Open espoelstra opened 6 years ago

espoelstra commented 6 years ago

Would it be possible to rescue this type of failure and perform one of the workarounds, either pip install --ignore-installed package or rm -rf $PYTHON_PATH/site-packages/package and then attempting the install via pip again to pull in the removed dependencies correctly?

https://github.com/pypa/pip/issues/5247#issuecomment-410910018

We would like to stop pinning pip 9, but this pip 10 behavior has broken a number of our cookbooks sadly enough when trying to install the awscli via `python_package 'awscli', which is a pretty important package for everything else we do.

espoelstra commented 6 years ago

According to the comments here, --ignore-installed is the safe way to do this as it takes more time but will forcibly reinstall the required packages via pip and ensure the correct metadata is in place.

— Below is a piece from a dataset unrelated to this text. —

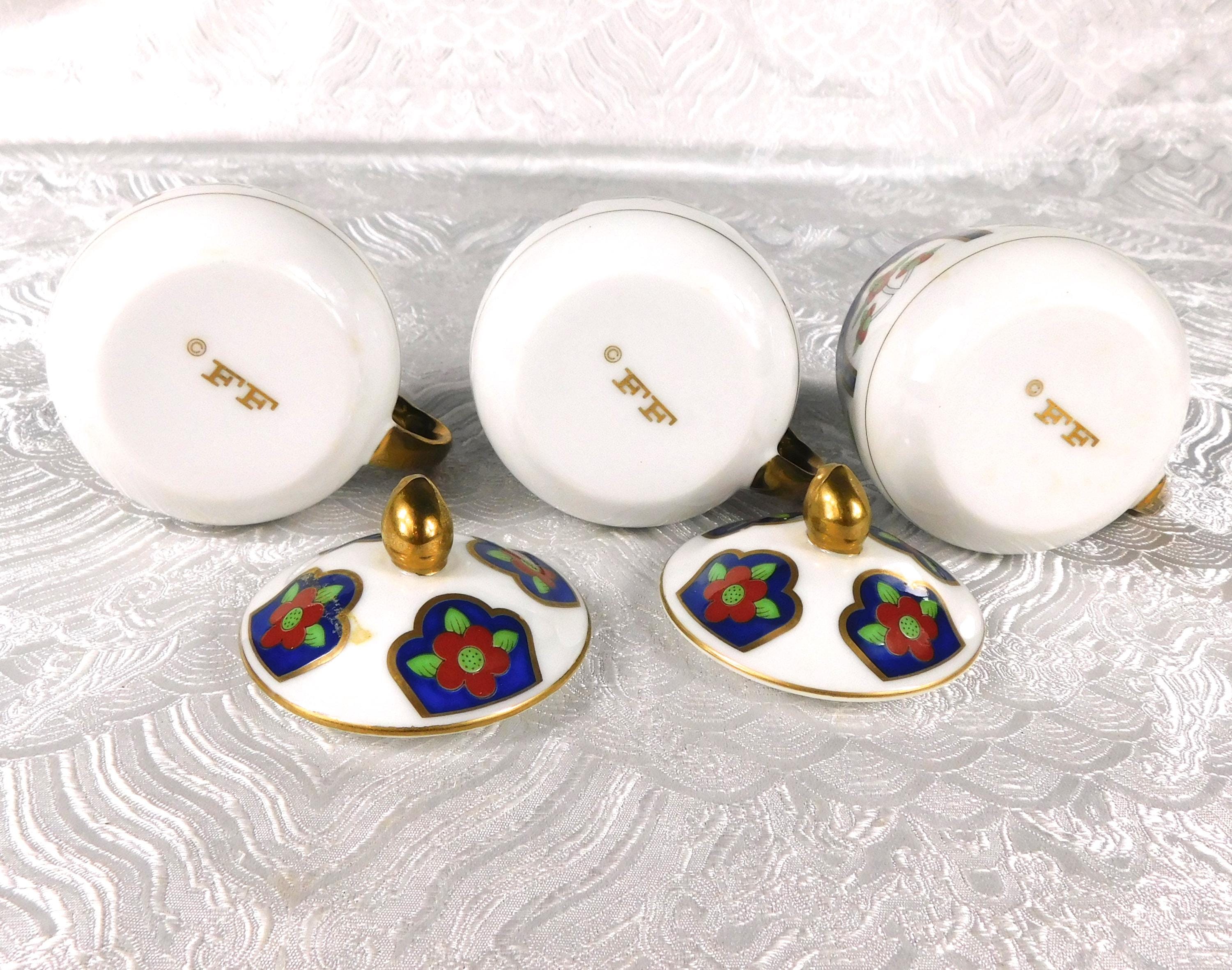 Lot of Three Pots De Cream with Two Lids # 27579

https://stackoverflow.com/q/49932926/3794873

coderanger commented 6 years ago

I mean you can set install_options '--ignore-installed' yourself. Is that not enough?

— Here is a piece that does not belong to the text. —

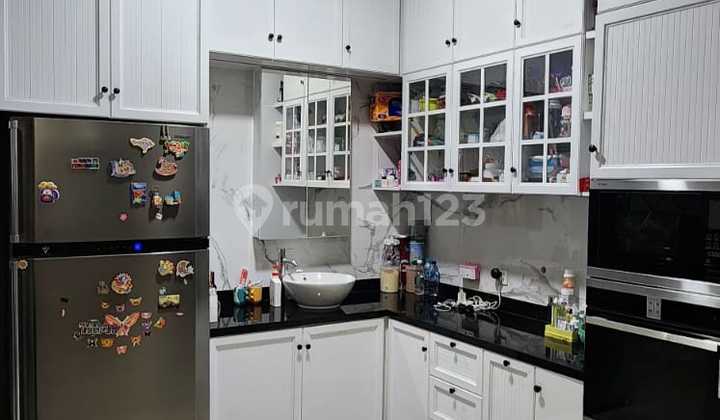 Dijual/Disewakan Rumah 2lt furnished 2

espoelstra commented 6 years ago

@coderanger You are right, if you encounter this error outside of the python_runtime setup it is probably on the user of python_package and not the cookbook itself to add the option to rescue the install. The tricky part is this error could occur on any package that is a dependency of the one you are trying to install, or you could have them all installed correctly and never hit it. I'm not sure how much of a time "waste" it is reinstalling all the dependencies in the case that your desired package isn't already installed or the correct version, but I suppose you should only really hit it once in a converge on a node because all the dependencies for that package that were installed using distutil will get reinstalled via pip and avoid the warning in the future.

My thought with having it in the cookbook as a rescue is then the user wouldn't have to worry about the workaround on the slim chance that they hit it (Ubuntu 14.04 seems particularly prone to this when installing awscli via the cloud-cli cookbook or via pip in general). At least having the workaround documented here should help others that run into this issue, I'm not sure if any of the other open issues have hit this and just didn't track down the root cause, but I'll see about testing the install_options route and I'd imagine that will fix us up nicely.